Results of a recent survey published by Amazon’s Future Engineer offshoot show several disconnects between the interests, experiences, and aspirations of U.S. students in regard to computer science. While many of the jobs that await today’s middle and high school students will likely be even more technology-focused than they are now, more specifics are required—beyond those illuminated here—to make sure that high-quality education and training is in place to leverage legitimate interest from young people and to properly connect them with the work they will ultimately undertake.

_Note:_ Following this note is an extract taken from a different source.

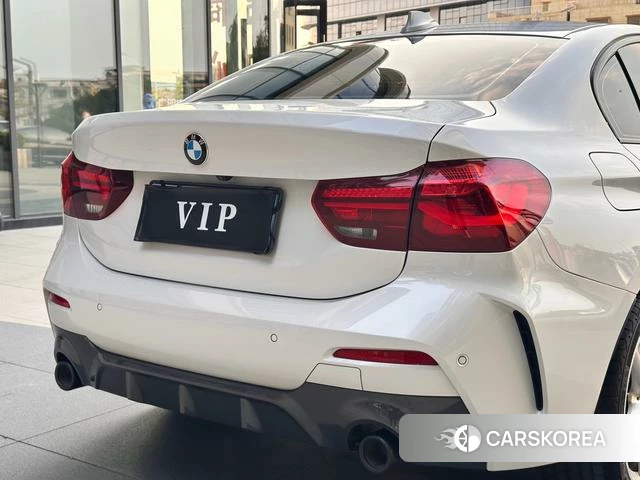BMW 1 series 2023 Белый из Китая, фото 2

The survey was conducted electronically by Gallup in June 2021, with a total nationwide sample of 4,116 public and private school students. Just over 1,800 were high schoolers, the rest middle schoolers. Weighting adjustments were made to closer match the sample to national demographics of gender, grade, race/ethnicity, and school type per the U.S. Census Bureau’s American Community Survey for 2019. No breakout of responses between public and private school students was included.
Interest in computer science was high among survey respondents, with 62 percent saying they would like to learn about the topic. That included 53 percent of female students and 72 percent of male students. Among Black students, however, females were slightly more likely to say they are interested in learning about computer science; and Black female students are more likely than White or Hispanic females to report interest (61, 51, and 52 percent, respectively). Overall, female students were significantly less likely than males to say they planned to study computer science in college and would someday like to have a job in a related field.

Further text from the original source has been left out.